_What needs to be done_
Your response should contain exactly the lines running from the one with "Womens UK Size M PUMA White Pullover Hoodie" to the end of the data below, both included, and no pictures.

_Recorded data_

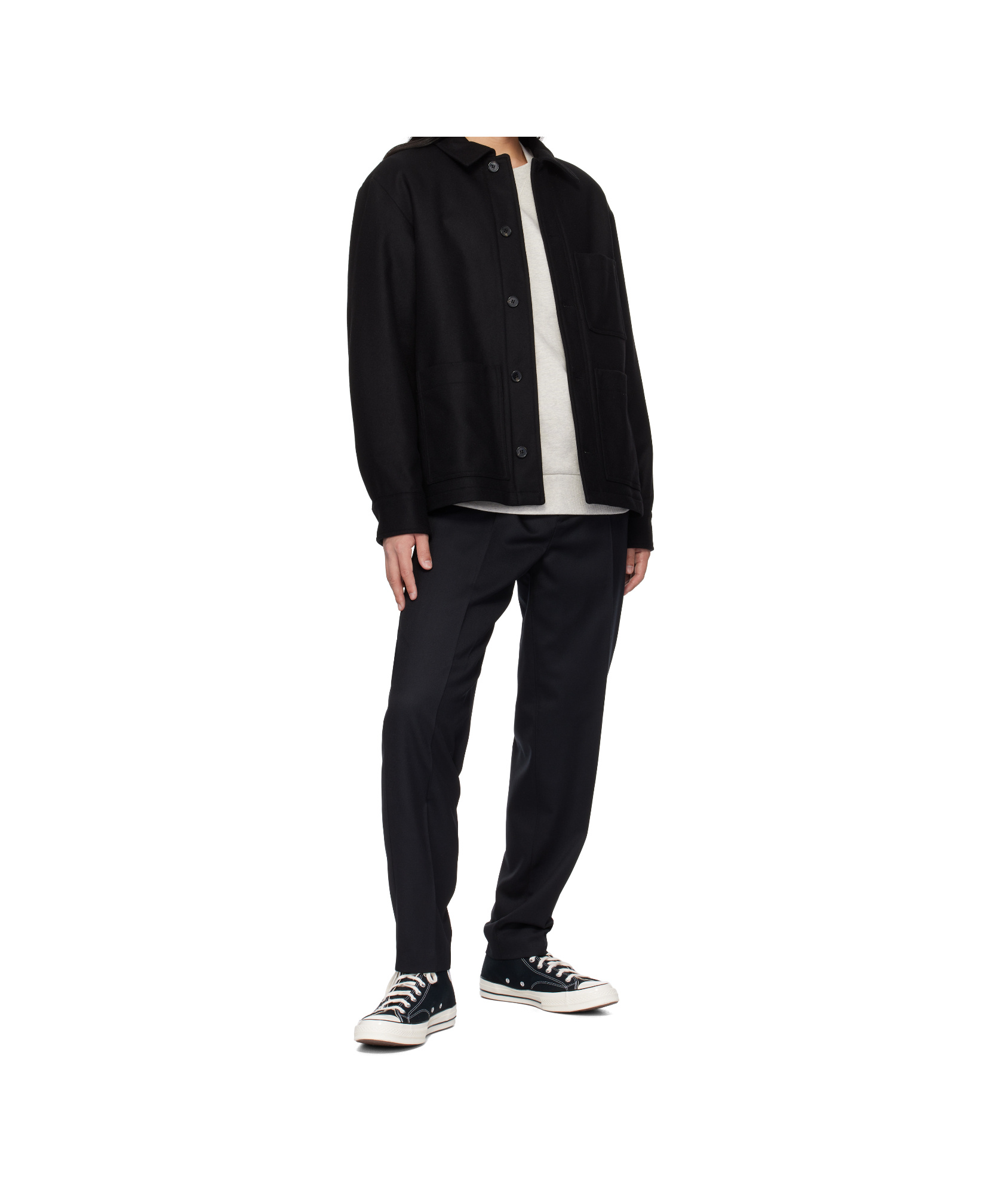 Apc Long Sleeve Casual Jacket In Gray
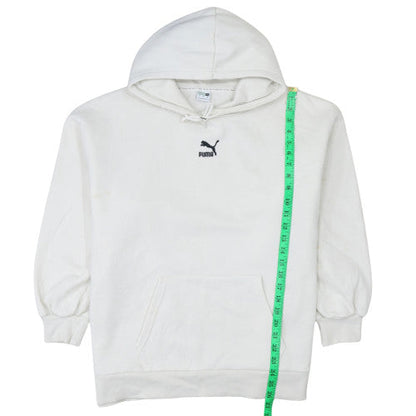 Womens UK Size M PUMA White Pullover Hoodie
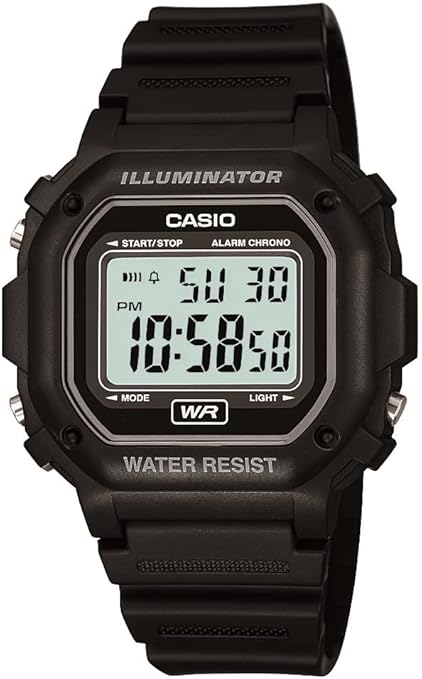Casio Men’s F108WH Digital Watch – Black Resin Strap, Illuminator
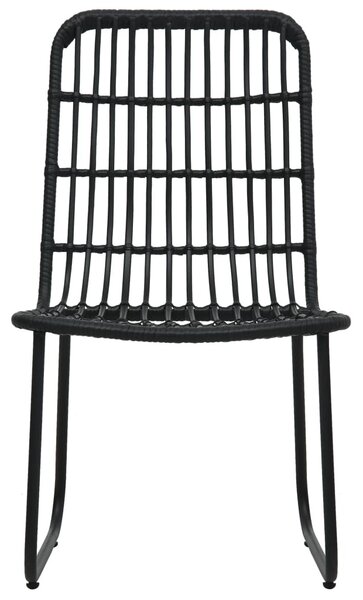 5 részes polyrattan és üveg kültéri étkezőgarnitúra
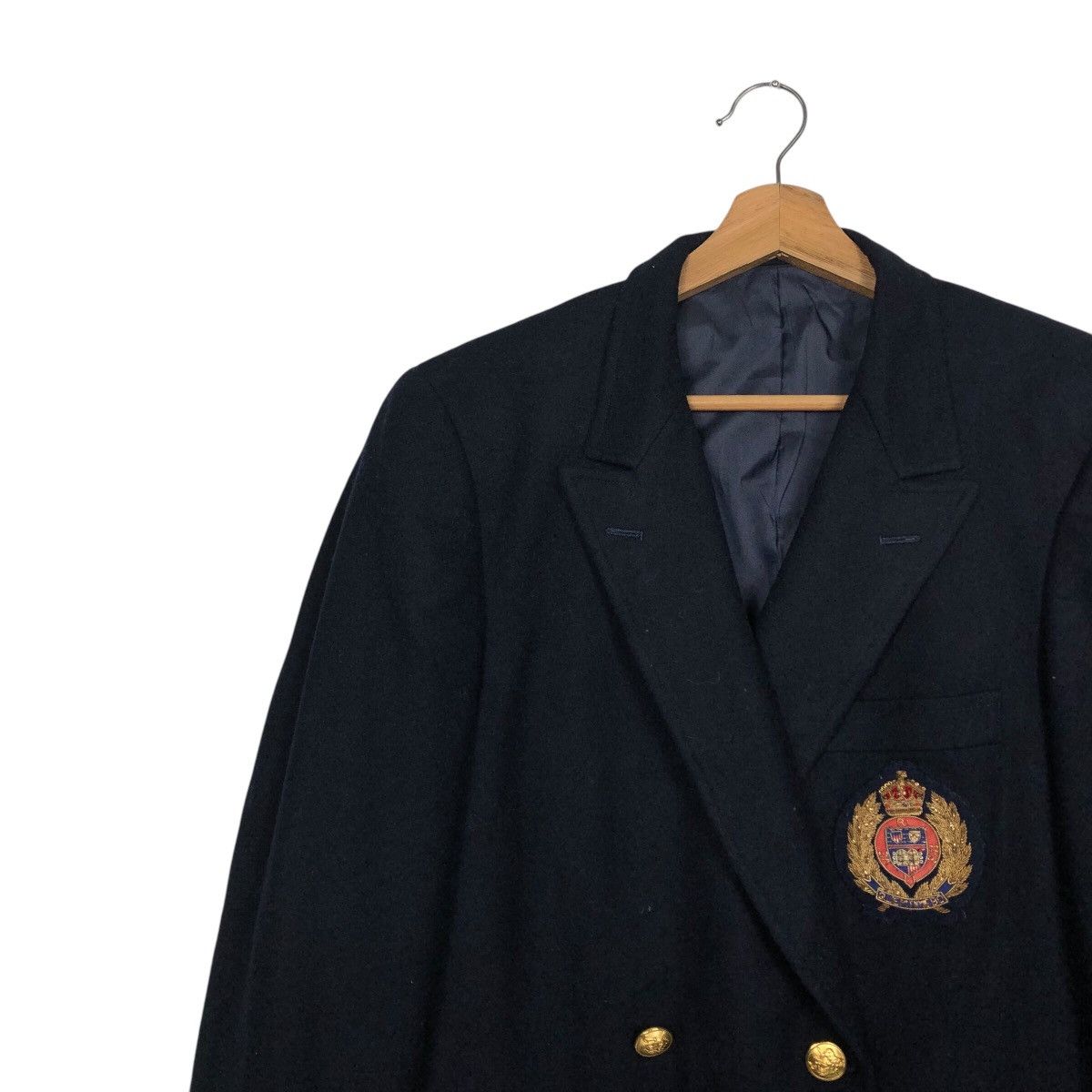 Japanese Brand × Kent & Curwen 📌Vintage Wool Coats Jacket Kents Double Collar Issey Miyake Size US M / EU 48-50 / 2 - 8 Thumbnail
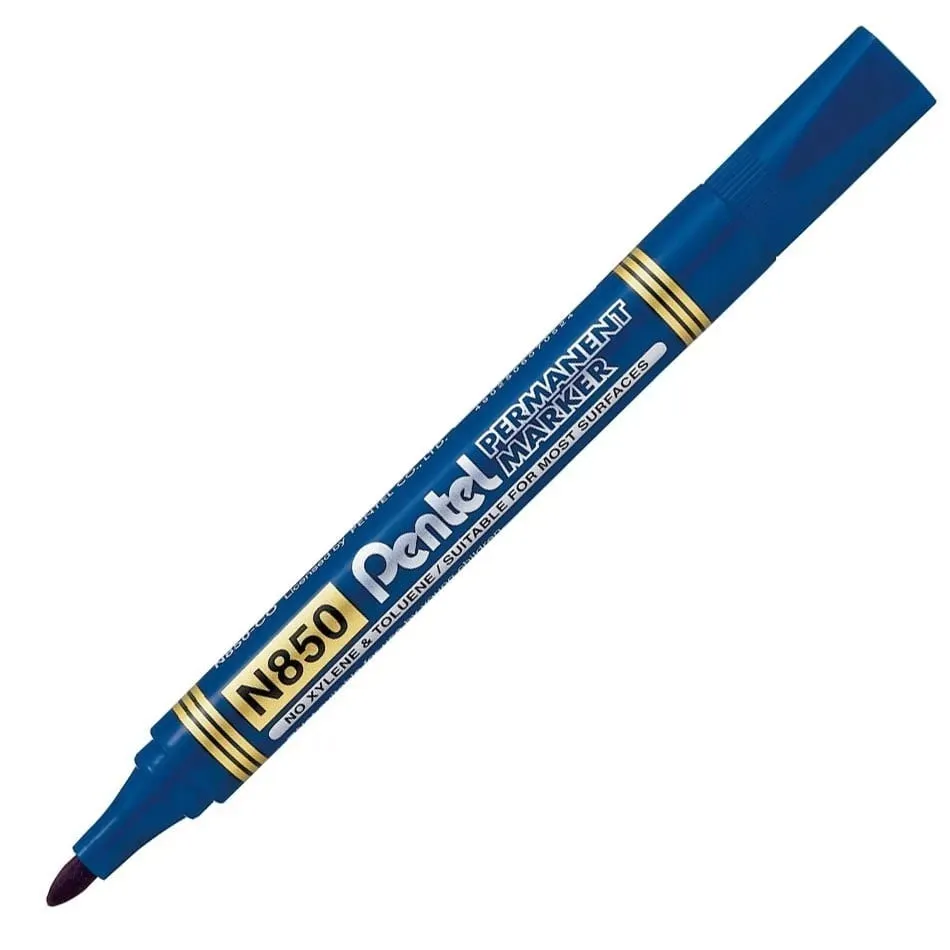 marker-permanentny-pentel-n850-okragly-niebieski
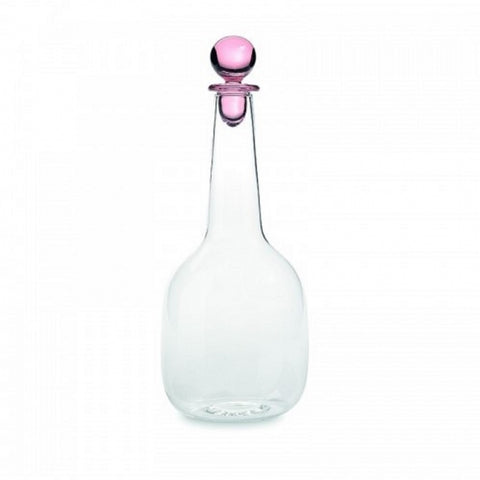 SAFFRON BALL BOTTLE TRANSP. PINK CAP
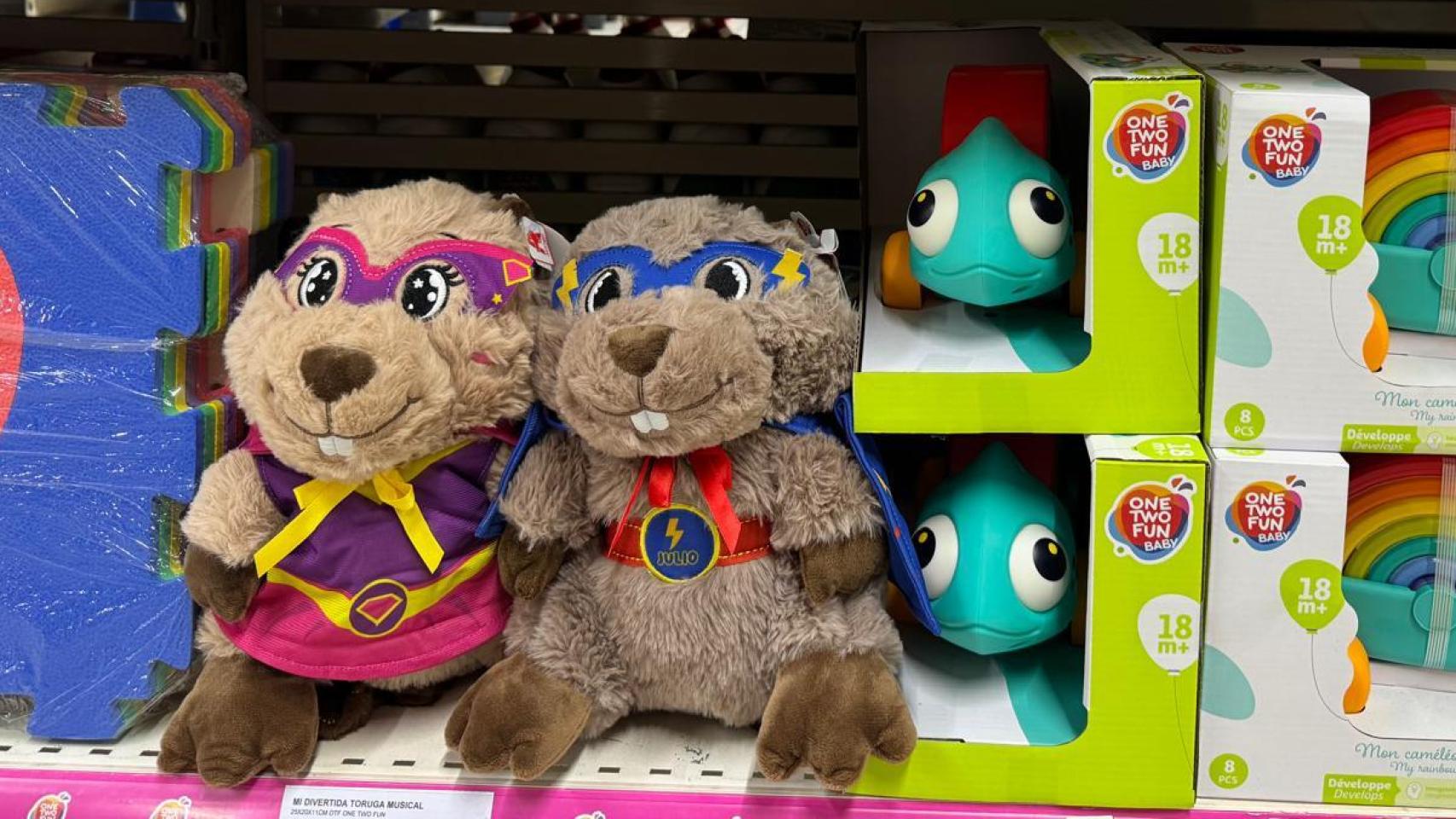 Los peluches Julio y Julia de Alcampo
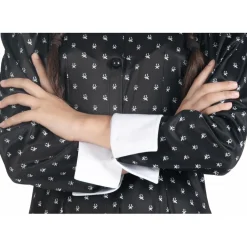 HASBRO GAMING Disfraces|Halloween*Disfraz Miércoles Addams talla M ㅤ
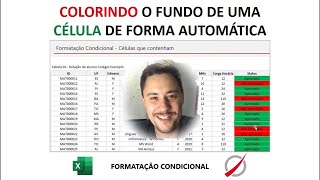 FORMATAÇÃO CONDICIONAL  COMO COLORIR O FUNDO DA CÉLULA DE FORMA AUTOMÁTICA [upl. by Publea115]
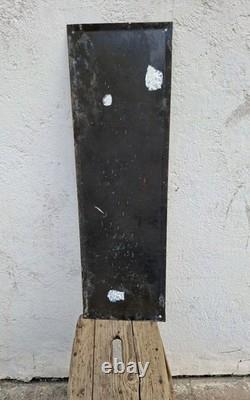 Plaque émaillée Bureaux train voie ferrée réseau ferroviaire enseigne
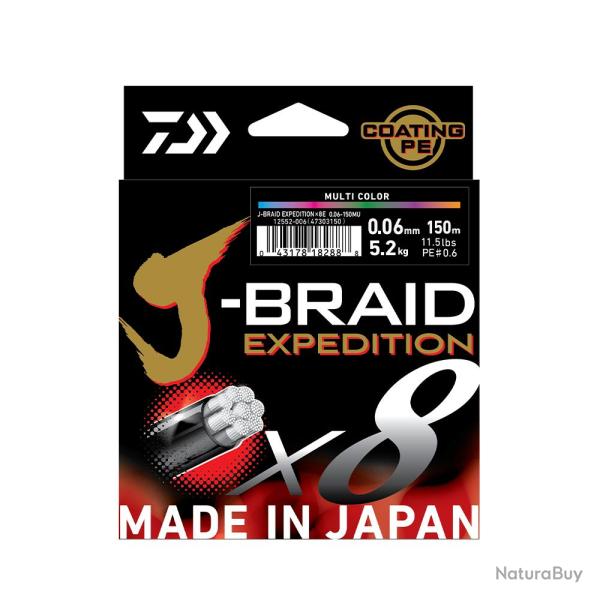J-Braid Exp x8 300M daiwa j-braid exp x8 300m multi 18/100 28lbs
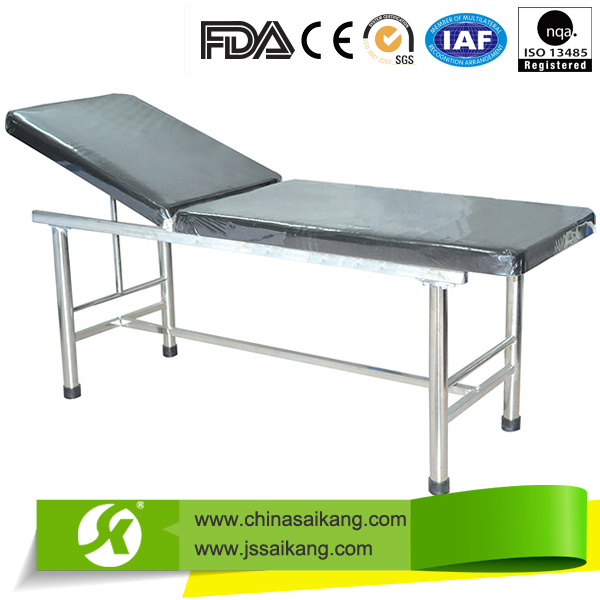 X09 Hospital Adjustable Exam Table with Stainless Steel Structure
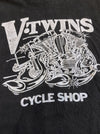 Vintage 80s/90s Faded and Distressed V Twin Harley Tank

_Solution below_
 Womens UK Size M PUMA White Pullover Hoodie
Casio Men’s F108WH Digital Watch – Black Resin Strap, Illuminator
 5 részes polyrattan és üveg kültéri étkezőgarnitúra
 Japanese Brand × Kent & Curwen 📌Vintage Wool Coats Jacket Kents Double Collar Issey Miyake Size US M / EU 48-50 / 2 - 8 Thumbnail
 marker-permanentny-pentel-n850-okragly-niebieski
 SAFFRON BALL BOTTLE TRANSP. PINK CAP
 Los peluches Julio y Julia de Alcampo
 HASBRO GAMING Disfraces|Halloween*Disfraz Miércoles Addams talla M ㅤ
 FORMATAÇÃO CONDICIONAL  COMO COLORIR O FUNDO DA CÉLULA DE FORMA AUTOMÁTICA [upl. by Publea115]
 Plaque émaillée Bureaux train voie ferrée réseau ferroviaire enseigne
J-Braid Exp x8 300M daiwa j-braid exp x8 300m multi 18/100 28lbs
 X09 Hospital Adjustable Exam Table with Stainless Steel Structure
 Vintage 80s/90s Faded and Distressed V Twin Harley Tank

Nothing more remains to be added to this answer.